§ Collected material
+++

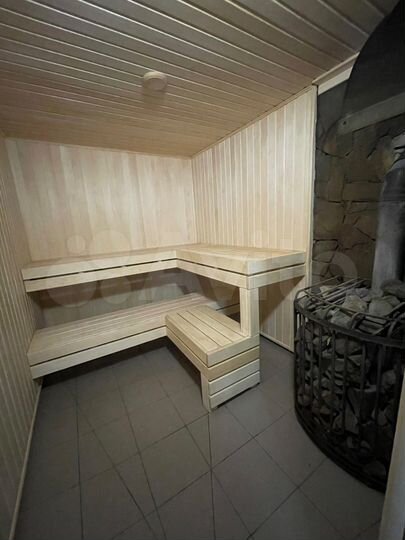 Дом 515 м² на участке 9 сот.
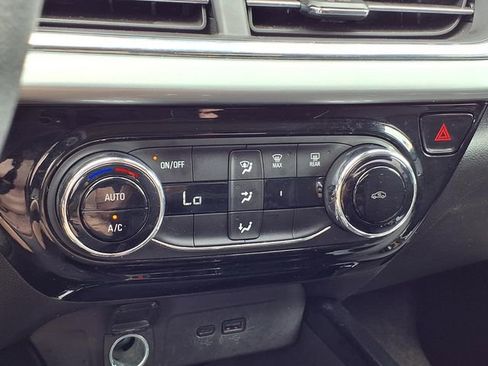 Used 2025 Chevrolet Trax LT image 11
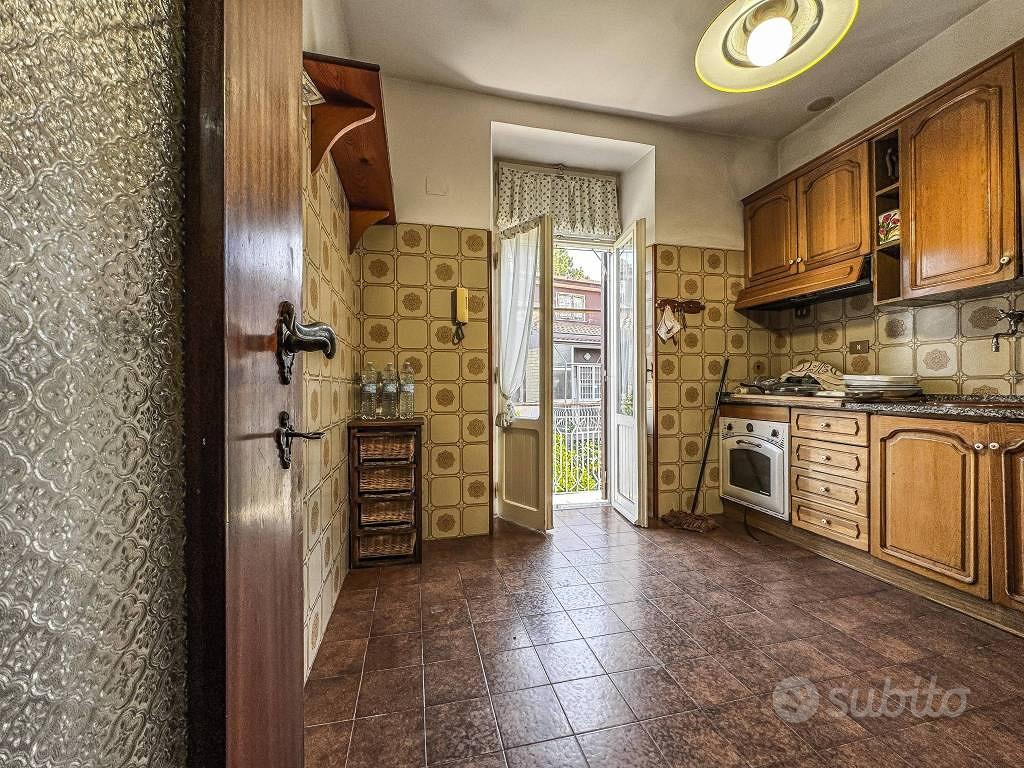 Appartamento – Roma, Acilia Sud, Municipio Roma X - Altro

+++

In your copy, the listing above should appear word for word, with no images.

§ Answer
 Дом 515 м² на участке 9 сот.
 Used 2025 Chevrolet Trax LT image 11
 Appartamento – Roma, Acilia Sud, Municipio Roma X - Altro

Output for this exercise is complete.